Optical Image Quality While things like coma and chromatic aberration are expected at the edges of the field of view of a large refracting telescope, they are not as acceptable in a camera lens. And the larger the diameter of a lens is, the more correction must be applied to obtain the same image quality. This requires more elements in the lens, and these additional elements are almost always made of exotic materials with a higher refractive index and lower mass density than normal optical glass. They must also be precisely shaped to almost insane tolerances to perform as designed.
Image Circle Diameter A telescope need only to cast an image circle the size of a human eye's pupil: approximately 8mm in diameter. A camera lens intended for use with a Full frame camera must cast an image circle approximately 44mm in diameter.
Minimum Focus Distance Many telescopes are designed to focus only at longer distances, some even only at infinity. Camera lenses such as the EF 1200mm f/5.6 L can focus at infinity but are expected to focus at shorter distances as well.
Different tools for different jobs. A telescope is for looking at objects with the naked eye, a camera lens is for recording high resolution images.
It is acceptable for a telescope to have large distortions around the edges and nobody much cares about colour correctness. This makes it simple (cheap) to make the lenses which are good enough to do the job. Now add the sheer size of the optics required to get an f-stop of 5.6 from a 1200mm focus length.

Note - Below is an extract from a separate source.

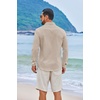 COOFANDY Men’s Casual Button Down Shirts Long Sleeve Cotton Beach Wedding Shirt Summer Linen Shirt for Men(Light Khaki)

---- edit to correct the edits ---
A 1200mm telescope is for looking at Stars, a 1200mm f/5.6 lens is for looking at Celebrities. If you expect to sell a picture of Venus then you really don't want it to look like a picture of Jupiter. If you expect to sell it for over $30,000 then it had better look like Venus.
Michael Clark missed one important point in his otherwise correct answer:
focal length. This normally means that the distance from the center of the lenses to the place where the image forms is 1200mm. (Yes 1.2 meters!) On your telescope I guess that you pretty much see these 1200 millimeters as the telescope is around 1.2 meters in length. On your Canon you're probably not carrying a lens that is 1.2 meters long. The lens in question is 83.6 centimeters. This significant shortening of the physical dimensions can be achieved by optical elements, most probably the ones with fluorite.
Astronomers use reflectors mostly but are indeed interested in accuracy.
The lens in question is much faster than a telescope.
Part of the reason is doubtless that professional photographers earn more money than professional astronomers, and so can be milked a bit more for their cash.